■ **PROBLEM DESCRIPTION**: Which lines run from the one containing "above ground pool deck" through the end of the data? Write them out exactly, with the pictures left out.
MATERIAL PROVIDED below:
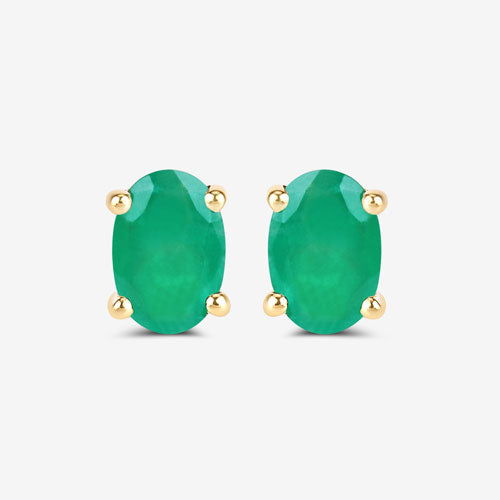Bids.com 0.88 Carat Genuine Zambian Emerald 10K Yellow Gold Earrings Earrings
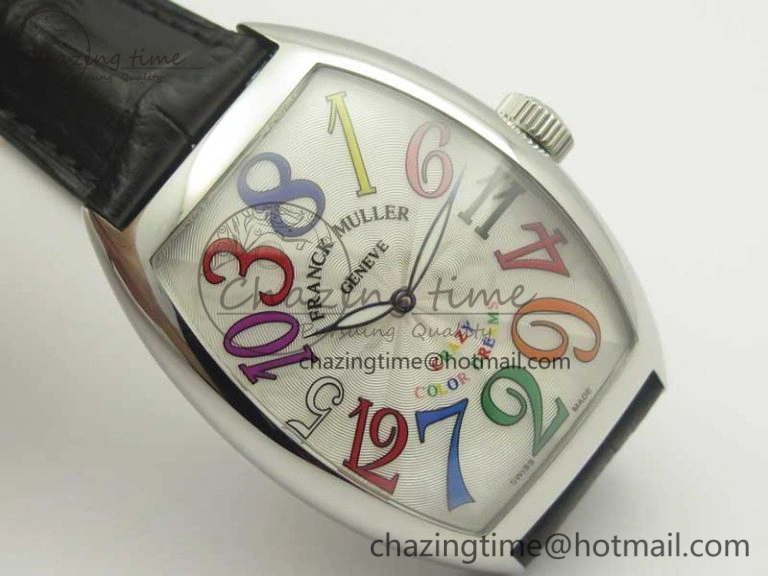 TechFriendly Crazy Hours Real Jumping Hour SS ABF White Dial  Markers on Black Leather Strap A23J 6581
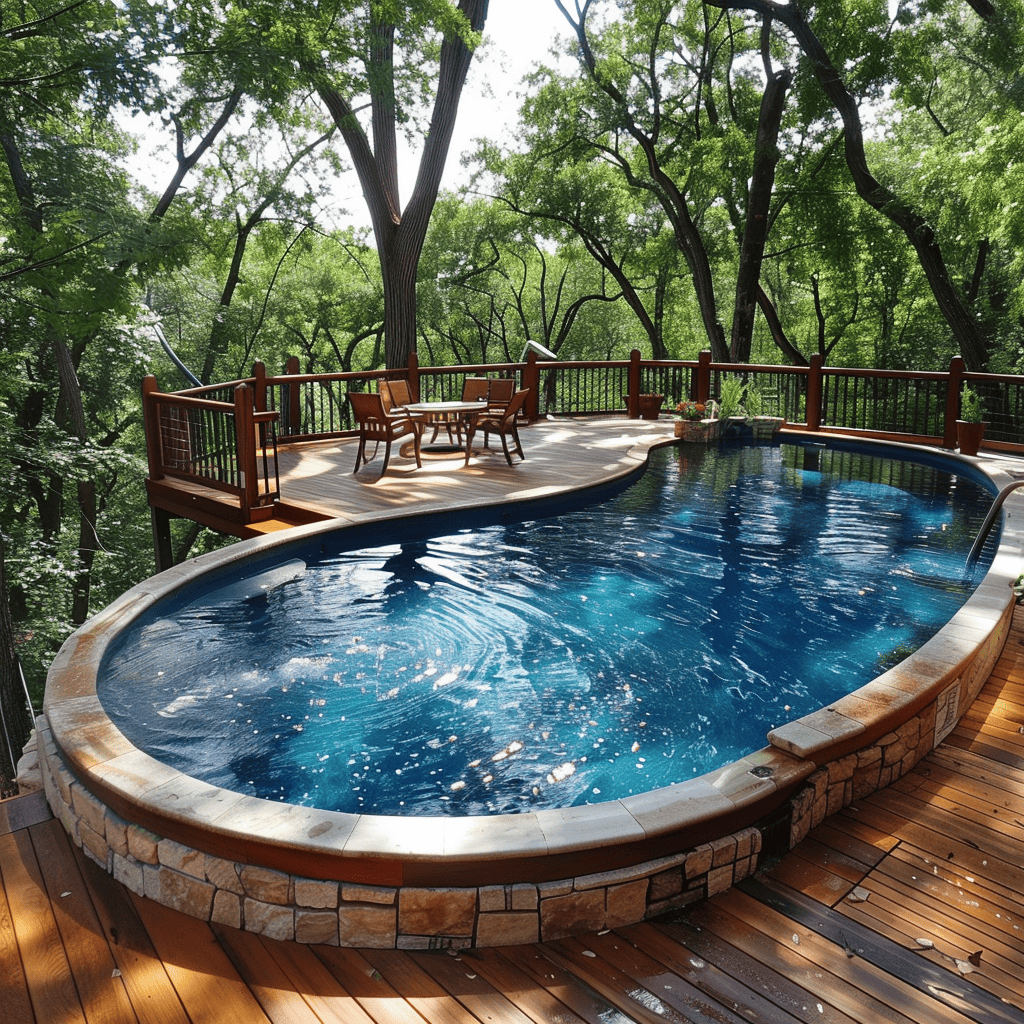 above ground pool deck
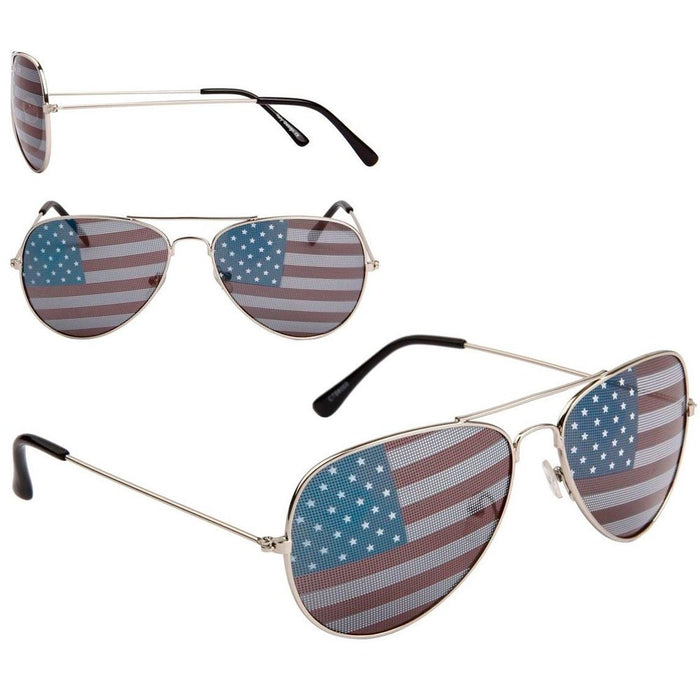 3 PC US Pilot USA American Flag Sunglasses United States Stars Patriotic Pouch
End of MATERIAL PROVIDED.
■ **REPLY**:
 above ground pool deck
 3 PC US Pilot USA American Flag Sunglasses United States Stars Patriotic Pouch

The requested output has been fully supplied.